EX PIAZZALE ANAS

Santo Stefano d'Aspromonte (RC). 2012. Concorso

 

Il progetto parte dall’idea di consolidare e valorizzare l’attuale assetto morfologico del piazzale, operando sulle incertezze formali esistenti e riportandoli in un’idea organica di suolo. Lo stesso vasto programma funzionale porta ad operare soprattutto sulla caratterizzazione del suolo senza stravolgimenti che possano contraddire esigenze,usi e funzioni presenti e futuri della piazza. Il bordo, incompleto nella quinta di edifici costruiti, viene preso come presenza di pezzi di natura da far rientrare in maniera programmatica nello spazio pubblico. In questo senso la piazza è costituita dal suolo e dalle quote esistenti, individuando come unico punto di attenzione morfologica il lato verso la piazza centrale di Gambarie. In tale direzione, infatti, il suolo si alza come una zolla del terreno che, staccandosi e utilizzando il dislivello attuale con un piccolo innalzamento, crea un piano inclinato che ospita un sistema di fontane a zampilli.
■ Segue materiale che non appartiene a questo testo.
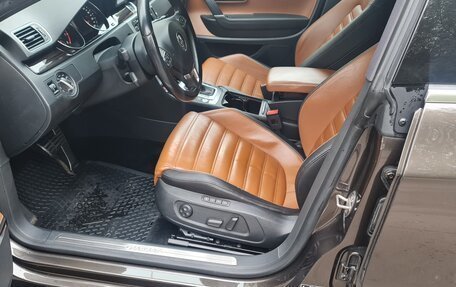 Volkswagen Passat CC I рестайлинг, 2012 год, 1 350 000 рублей, 13 фотография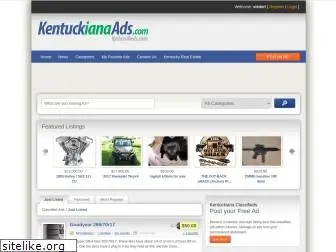 kyclassifieds.com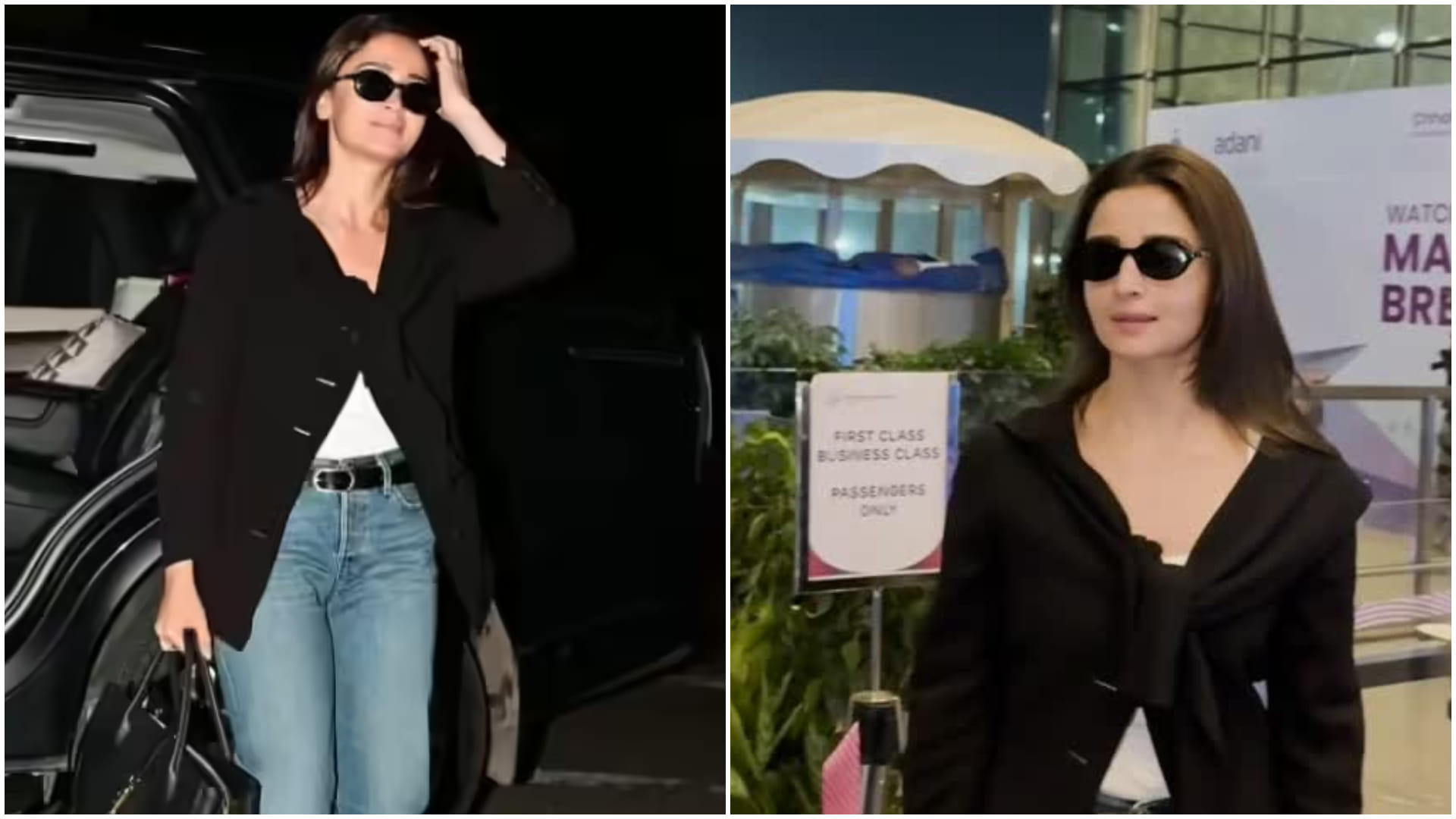 Tara Sutaria Stylish Airport Look Sparks Cannes Film Festival 2026 Departure Buzz After Alia Bhatt Has Reached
Questo rappresenta l’unico punto con carattere più teatralizzante degli elementi di arredo, visibile da ogni punto prospettico della piazza e della statale. il piano inclinato costituisce una sconnessione apprezzabile dalla prospettiva per chi proviene dalla piazza Mangeruca, mentre dalla strada statale stabilisce un leggero cambio di suolo tra zona carrabile e zona pedonale. Per il resto il suolo si configura come un grande piano che ospita elementi di arredo senza intaccare l’idea di vuoto flessibile ad occupare diverse funzione. Si è stabilita cioè una sorta di ‘zonizzazione invisibile’ che, pur stabilendo aree con specifiche vocazioni e usi, non compromette la plurifunzionalità e la flessibilità della piazza sancita dal bando di concorso. Per questo lo spazio è stato pensato per ospitare funzioni stabili insieme a quelle più effimere: posteggi, zone d’ombra, fontane, area mercatale, mantenimento delle aree di pertinenza ad aree pic-nic, spazio libero per spettacoli, fiere e giochi di piazza etc. Ne scaturisce uno spazio che pur mantenendo l’idea di vuoto ricavato nel continuum del bosco viene rimisurato e articolato con funzioni urbane utili sia per gli abitanti locali che per il turismo. Esso è scandito dal ritmo di fasce orizzontali in pietra allineate al bordo superiore della piazza, che danno la misura e il disegno complessivo della piazza.